Chapitre XIII

Derrière Linda, les portes de l’ascenseur claquèrent. Pendant une fraction de seconde, la Chinoise demeura en équilibre prête à frapper, le poinçon visant le foie de Malko. Ce dernier ne sut pas si c’était son exclamation ou le bruit inattendu qui lui avait sauvé la vie. Mais la Chinoise se détendit imperceptiblement.

Avec la rapidité d’un serpent son bras fila vers le cou de Malko et le poinçon vint s’appuyer là où la veuve l’avait mordu, lui causant une douleur cuisante. Linda vint se coller contre lui, le poussant vers sa chambre.

— Avancez. Si vous criez, je vous tue ! souffla-t-elle. Sa voix tremblait de rage. Malko pensa soudain à Ibrahim. Si l’Hindou entendait du bruit, il allait intervenir. Même si il décapitait Linda, après, lui serait déjà égorgé. Il chercha à maîtriser le picotement qui parcourait le dessus de ses mains. La peur. Pourquoi Linda voulait-elle le tuer ? C’était un comble.
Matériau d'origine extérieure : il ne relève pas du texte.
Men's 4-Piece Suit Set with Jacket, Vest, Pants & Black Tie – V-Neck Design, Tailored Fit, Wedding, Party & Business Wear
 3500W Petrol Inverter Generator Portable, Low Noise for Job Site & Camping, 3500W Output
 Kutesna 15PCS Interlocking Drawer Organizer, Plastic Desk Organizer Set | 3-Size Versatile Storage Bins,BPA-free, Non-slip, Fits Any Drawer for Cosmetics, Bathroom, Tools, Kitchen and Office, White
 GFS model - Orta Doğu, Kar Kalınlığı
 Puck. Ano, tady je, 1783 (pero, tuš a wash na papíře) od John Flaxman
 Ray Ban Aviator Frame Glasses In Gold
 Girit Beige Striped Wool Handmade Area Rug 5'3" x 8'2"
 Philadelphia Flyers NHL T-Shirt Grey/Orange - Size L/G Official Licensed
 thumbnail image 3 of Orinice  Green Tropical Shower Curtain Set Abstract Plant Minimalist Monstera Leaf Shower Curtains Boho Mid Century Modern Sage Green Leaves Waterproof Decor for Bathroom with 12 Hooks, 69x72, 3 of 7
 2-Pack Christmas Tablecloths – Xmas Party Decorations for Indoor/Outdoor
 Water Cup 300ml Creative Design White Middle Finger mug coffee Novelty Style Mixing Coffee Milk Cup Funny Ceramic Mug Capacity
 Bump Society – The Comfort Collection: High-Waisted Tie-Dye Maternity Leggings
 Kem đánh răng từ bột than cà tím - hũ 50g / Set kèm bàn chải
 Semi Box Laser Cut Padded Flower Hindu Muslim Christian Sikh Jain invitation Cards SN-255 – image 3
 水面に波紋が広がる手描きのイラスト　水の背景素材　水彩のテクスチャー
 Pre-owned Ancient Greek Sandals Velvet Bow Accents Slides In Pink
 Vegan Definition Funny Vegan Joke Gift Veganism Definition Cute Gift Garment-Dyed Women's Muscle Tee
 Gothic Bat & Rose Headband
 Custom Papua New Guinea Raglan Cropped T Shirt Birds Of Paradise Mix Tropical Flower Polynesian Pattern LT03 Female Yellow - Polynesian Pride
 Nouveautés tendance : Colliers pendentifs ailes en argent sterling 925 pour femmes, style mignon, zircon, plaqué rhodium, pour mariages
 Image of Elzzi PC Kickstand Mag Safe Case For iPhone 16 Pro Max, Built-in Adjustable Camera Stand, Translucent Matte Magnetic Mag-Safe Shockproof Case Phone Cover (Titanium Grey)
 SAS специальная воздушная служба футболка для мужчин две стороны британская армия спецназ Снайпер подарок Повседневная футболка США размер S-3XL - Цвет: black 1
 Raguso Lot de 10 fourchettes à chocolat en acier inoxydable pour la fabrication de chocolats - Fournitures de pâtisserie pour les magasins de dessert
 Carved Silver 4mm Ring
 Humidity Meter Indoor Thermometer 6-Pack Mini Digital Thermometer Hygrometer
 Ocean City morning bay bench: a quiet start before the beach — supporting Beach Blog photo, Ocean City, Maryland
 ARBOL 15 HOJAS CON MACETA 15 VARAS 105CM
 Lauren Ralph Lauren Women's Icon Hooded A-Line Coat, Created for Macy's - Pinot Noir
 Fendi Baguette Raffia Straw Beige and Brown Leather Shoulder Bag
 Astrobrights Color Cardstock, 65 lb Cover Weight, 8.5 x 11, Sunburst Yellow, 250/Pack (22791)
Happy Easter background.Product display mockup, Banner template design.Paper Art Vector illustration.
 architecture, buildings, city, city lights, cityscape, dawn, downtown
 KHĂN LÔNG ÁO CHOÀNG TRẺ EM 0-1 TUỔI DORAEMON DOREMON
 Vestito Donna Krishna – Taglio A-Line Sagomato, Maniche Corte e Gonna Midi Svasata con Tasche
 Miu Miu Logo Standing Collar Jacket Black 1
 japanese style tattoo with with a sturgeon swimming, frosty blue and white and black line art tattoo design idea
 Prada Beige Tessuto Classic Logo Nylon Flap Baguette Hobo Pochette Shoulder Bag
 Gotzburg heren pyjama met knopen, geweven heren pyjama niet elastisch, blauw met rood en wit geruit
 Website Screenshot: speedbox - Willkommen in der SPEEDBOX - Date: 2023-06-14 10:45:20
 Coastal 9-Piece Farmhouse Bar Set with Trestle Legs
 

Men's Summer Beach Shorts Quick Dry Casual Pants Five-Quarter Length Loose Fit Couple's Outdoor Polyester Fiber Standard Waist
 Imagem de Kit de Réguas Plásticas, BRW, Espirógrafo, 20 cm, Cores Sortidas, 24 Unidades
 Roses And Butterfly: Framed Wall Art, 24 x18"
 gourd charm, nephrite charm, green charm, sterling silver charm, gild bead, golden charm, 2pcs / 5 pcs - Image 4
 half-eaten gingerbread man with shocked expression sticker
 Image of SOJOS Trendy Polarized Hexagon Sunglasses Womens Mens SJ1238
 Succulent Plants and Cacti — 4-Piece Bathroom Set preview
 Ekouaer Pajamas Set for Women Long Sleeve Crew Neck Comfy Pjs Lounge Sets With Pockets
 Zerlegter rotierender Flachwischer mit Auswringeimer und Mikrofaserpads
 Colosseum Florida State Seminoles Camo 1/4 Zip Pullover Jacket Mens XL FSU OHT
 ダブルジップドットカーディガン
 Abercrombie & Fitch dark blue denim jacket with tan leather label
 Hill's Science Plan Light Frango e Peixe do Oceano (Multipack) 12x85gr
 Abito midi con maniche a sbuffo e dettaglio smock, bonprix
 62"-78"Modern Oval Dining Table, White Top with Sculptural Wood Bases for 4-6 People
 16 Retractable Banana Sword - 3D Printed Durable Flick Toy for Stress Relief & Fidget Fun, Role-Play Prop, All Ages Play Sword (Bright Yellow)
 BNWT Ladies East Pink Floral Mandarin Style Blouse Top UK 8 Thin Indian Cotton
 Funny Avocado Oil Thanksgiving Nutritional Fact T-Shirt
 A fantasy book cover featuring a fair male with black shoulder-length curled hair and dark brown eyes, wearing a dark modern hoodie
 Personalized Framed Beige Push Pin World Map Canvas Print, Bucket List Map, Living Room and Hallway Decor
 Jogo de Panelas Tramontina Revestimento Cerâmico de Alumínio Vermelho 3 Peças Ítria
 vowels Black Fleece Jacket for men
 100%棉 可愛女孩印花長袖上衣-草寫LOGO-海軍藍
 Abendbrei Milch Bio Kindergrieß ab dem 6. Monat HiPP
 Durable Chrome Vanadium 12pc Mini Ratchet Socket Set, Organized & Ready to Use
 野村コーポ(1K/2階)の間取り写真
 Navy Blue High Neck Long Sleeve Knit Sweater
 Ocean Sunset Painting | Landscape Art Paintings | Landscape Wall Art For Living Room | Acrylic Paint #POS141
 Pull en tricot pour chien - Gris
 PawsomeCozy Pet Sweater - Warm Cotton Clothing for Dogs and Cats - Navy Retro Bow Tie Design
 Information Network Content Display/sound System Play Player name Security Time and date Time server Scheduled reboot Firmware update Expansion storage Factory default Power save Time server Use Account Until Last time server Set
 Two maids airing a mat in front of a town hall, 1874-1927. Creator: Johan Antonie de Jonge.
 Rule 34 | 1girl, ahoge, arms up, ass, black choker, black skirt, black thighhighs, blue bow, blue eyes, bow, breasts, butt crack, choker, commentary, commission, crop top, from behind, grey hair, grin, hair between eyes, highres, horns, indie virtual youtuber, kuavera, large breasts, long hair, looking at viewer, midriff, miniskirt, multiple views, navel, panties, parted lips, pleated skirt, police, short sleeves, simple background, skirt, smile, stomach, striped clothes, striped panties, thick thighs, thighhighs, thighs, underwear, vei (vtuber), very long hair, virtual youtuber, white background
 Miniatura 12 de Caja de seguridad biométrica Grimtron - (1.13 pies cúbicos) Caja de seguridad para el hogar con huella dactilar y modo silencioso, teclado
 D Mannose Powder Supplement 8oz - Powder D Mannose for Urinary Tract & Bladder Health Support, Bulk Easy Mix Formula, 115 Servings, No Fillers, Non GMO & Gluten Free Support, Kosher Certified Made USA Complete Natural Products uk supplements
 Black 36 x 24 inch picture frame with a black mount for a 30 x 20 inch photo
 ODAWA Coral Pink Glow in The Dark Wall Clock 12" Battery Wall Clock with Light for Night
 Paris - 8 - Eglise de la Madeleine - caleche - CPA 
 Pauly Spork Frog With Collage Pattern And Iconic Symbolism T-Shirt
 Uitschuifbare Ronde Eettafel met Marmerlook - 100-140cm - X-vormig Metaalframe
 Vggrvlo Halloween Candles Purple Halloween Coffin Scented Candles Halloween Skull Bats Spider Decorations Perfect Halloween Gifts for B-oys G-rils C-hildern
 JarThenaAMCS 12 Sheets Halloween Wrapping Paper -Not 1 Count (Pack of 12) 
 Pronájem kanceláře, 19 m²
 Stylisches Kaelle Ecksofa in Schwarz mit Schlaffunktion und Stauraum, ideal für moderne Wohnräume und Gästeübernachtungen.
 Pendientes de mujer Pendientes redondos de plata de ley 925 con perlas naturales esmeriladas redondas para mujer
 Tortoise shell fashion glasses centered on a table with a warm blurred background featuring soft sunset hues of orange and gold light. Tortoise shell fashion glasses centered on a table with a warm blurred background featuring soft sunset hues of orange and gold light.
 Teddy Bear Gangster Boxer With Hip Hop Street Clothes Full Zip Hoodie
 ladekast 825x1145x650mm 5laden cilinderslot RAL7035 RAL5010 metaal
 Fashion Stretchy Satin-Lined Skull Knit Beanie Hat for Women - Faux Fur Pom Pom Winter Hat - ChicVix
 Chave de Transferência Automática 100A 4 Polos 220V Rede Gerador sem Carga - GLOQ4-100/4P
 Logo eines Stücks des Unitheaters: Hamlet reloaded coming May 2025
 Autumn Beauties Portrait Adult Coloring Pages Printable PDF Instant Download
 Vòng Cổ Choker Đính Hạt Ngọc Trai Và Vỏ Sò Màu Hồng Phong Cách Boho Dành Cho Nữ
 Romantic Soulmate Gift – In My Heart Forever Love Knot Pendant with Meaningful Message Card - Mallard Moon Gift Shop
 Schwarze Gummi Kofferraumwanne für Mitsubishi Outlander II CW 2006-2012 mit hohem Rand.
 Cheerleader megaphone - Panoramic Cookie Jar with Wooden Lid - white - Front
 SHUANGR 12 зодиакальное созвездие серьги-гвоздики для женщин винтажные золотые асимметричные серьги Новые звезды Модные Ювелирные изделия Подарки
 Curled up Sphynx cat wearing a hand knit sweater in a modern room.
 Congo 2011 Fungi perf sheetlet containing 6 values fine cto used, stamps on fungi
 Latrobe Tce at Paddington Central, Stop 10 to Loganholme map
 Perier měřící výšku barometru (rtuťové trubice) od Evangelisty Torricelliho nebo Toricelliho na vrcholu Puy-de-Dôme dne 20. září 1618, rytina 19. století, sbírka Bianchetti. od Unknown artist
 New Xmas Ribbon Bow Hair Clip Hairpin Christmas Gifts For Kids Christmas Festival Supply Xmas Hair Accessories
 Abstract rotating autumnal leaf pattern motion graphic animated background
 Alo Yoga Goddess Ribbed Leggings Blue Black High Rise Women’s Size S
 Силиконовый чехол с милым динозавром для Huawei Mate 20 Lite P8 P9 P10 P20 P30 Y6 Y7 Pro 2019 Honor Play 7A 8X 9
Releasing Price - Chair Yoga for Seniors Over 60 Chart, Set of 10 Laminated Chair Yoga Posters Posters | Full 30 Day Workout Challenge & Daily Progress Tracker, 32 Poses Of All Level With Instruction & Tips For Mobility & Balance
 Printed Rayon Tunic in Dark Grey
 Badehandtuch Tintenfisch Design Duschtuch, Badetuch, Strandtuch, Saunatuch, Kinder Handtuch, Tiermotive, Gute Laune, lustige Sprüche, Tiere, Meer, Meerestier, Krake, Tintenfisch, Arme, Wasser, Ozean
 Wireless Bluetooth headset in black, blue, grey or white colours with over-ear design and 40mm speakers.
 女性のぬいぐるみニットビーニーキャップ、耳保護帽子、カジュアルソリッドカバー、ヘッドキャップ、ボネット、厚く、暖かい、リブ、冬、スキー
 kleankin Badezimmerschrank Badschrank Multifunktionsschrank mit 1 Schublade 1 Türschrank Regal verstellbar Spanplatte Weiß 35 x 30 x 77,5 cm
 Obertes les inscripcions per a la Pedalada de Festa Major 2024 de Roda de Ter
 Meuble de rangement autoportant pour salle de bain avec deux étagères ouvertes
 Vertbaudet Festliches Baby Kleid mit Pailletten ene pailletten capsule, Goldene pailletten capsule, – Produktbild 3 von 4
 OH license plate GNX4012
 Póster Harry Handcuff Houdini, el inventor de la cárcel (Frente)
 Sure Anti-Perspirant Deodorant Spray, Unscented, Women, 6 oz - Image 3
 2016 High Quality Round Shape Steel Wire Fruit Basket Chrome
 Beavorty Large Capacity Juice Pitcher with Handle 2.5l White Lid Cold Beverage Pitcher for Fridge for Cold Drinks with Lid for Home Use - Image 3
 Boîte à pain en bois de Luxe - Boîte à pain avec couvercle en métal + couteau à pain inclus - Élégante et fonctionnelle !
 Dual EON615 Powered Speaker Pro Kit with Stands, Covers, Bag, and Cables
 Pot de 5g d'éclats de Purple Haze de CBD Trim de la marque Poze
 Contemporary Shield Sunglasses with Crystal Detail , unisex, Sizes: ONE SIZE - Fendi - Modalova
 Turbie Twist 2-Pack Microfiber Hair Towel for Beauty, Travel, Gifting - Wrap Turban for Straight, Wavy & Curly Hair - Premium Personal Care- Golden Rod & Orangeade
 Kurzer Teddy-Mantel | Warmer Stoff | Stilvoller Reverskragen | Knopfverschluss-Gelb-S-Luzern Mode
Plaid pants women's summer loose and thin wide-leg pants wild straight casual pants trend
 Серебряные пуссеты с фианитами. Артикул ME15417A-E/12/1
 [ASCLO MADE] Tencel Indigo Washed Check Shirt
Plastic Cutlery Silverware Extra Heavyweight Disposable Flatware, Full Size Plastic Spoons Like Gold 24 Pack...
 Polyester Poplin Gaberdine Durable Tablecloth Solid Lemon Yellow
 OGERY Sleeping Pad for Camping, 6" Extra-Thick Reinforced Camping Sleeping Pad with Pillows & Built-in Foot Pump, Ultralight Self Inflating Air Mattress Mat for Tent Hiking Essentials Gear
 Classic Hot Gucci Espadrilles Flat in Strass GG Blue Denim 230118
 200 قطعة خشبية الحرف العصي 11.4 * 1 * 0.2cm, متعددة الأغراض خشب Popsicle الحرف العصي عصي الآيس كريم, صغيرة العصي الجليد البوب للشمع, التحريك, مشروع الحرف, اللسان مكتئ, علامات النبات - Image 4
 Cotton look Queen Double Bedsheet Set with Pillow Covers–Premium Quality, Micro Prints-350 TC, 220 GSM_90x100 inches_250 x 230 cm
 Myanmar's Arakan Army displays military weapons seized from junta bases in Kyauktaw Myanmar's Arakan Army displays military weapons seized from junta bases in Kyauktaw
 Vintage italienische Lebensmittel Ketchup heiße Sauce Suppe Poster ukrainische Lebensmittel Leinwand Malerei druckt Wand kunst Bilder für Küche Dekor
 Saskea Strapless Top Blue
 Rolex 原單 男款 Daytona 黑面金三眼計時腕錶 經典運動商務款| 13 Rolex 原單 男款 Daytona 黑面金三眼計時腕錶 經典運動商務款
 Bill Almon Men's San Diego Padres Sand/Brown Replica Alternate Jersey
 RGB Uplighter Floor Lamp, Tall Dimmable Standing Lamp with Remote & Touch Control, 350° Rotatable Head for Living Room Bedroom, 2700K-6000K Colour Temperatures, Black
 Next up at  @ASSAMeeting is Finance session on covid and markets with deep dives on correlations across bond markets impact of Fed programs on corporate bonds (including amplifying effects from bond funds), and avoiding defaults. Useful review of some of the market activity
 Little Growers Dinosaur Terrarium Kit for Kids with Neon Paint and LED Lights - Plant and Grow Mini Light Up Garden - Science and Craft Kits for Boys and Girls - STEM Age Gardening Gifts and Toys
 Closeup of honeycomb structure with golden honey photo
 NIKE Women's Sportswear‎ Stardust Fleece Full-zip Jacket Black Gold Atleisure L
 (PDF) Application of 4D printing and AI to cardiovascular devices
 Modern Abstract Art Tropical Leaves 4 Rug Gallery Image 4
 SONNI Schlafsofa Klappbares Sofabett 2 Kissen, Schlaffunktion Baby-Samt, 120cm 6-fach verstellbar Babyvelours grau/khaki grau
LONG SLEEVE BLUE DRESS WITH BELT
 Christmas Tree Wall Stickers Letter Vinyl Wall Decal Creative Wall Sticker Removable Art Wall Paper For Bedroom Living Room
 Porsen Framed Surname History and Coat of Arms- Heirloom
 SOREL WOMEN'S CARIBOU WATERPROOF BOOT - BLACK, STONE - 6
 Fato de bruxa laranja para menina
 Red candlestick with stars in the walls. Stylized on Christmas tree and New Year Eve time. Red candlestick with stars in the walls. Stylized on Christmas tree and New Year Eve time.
— Que voulez-vous ? demanda-t-il tout en reculant. Le poinçon s’enfonça de quelques millimètres dans sa chair, lui arrachant un grognement de douleur. Ils étaient presque arrivés à la porte de sa chambre, avançant comme deux frères siamois, l’haleine de Linda dans son cou.

— Vous pensiez que j’étais déjà à Robinson Rond, fit Linda à voix basse.

Il comprit d’un coup la rage de la Chinoise. Elle se croyait dénoncée.

— Mais je ne vous ai pas dénoncé, protesta Malko. C’est vous qui avez voulu me faire kidnapper. Cette fille…

Ils s’étaient arrêtés, collés au mur, parlant à voix basse.

— Vous mentez, coupa Linda. Le C.I.D. a arrêté trois filles de ma bande ce soir. Ils me cherchent. Vous leur avez dit que j’avais essayé de vous kidnapper…

Son visage plat était convulsé de haine, ses lèvres épaisses retroussées en un rictus animal. Malko sentait le sang battre dans ses tempes. Il entendit la porte de l’ascenseur s’ouvrir de nouveau. Si quelqu’un venait, Linda aurait le temps de l’égorger avant de filer.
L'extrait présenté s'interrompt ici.